Édito – Quand les chiffres racontent la nouvelle famille tunisienne
Il y a des chiffres qui bousculent plus fort que des discours. Seize mille divorces en 2024 : un pays peut changer silencieusement, puis soudain ces données tombent, nettes, tranchantes, et révèlent ce que l’on refusait de voir. La famille tunisienne n’est plus ce bloc compact d’hier. Elle se transforme, se réinvente, parfois se fragilise.
On se marie tard – souvent après 34 ans pour les hommes, près de 29 pour les femmes. Et l’on se marie moins : 70.000 mariages en 2024, contre 78.000 seulement un an plus tôt. Une baisse brutale, presque vertigineuse, qui raconte un pays où l’engagement se négocie autrement, où le couple n’est plus un destin automatique.
La natalité suit la même trajectoire : de 225.000 naissances en 2014 à 160.000 en 2023. Une chute qui redessine la société en profondeur, en réduisant la taille des foyers – de cinq membres hier, à trois aujourd’hui – comme si chaque génération rapetissait son nid pour mieux respirer.
Mais c’est le divorce qui dit le plus clairement notre époque.

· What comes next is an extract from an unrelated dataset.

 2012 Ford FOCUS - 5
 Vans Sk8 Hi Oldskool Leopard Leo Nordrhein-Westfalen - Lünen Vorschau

Seize mille ruptures en une année. Et près d’un tiers dans les dix premières années du mariage. L’âge moyen du divorce ? À peine 36 ans. Autrement dit : les Tunisiens se séparent au moment même où leurs parents entraient, eux, dans la stabilité. Et derrière ces lignes de statistiques, il y a des vies : près de 600.000 enfants pris dans les turbulences de familles éclatées, dont certains sombrent – une centaine de cas de suicide liés aux crises émotionnelles post-divorce.
Faut-il y voir une catastrophe sociale ? Ou la preuve que les Tunisiens refusent désormais les unions forcées, les compromis étouffants, les carcans d’un modèle familial qui ne leur ressemble plus ?
Les chiffres ne portent pas de jugement. Ils nous disent simplement ceci : la Tunisie change, profondément, rapidement, sans attendre que le débat suive. Elle passe d’un modèle où la famille était un refuge à un modèle où elle devient un choix – exigeant, parfois fragile, mais assumé.
Reste à savoir si nous saurons accompagner cette mutation. Parce qu’une société qui change n’est pas une société qui se perd. C’est une société qui s’écrit autrement – avec ses peurs, ses libertés et ses chiffres.